* [THE DATA]:
★ ★ ★ ★

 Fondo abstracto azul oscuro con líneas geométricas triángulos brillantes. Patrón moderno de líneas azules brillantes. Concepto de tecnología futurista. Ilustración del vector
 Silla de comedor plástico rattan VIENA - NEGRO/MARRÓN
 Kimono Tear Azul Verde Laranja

★ ★ ★ ★

* [PROBLEM DESCRIPTION]: A faithful transcription of all the material is what this exercise calls for.

* [FINISHED TASK]:
 Fondo abstracto azul oscuro con líneas geométricas triángulos brillantes. Patrón moderno de líneas azules brillantes. Concepto de tecnología futurista. Ilustración del vector
 Silla de comedor plástico rattan VIENA - NEGRO/MARRÓN
 Kimono Tear Azul Verde Laranja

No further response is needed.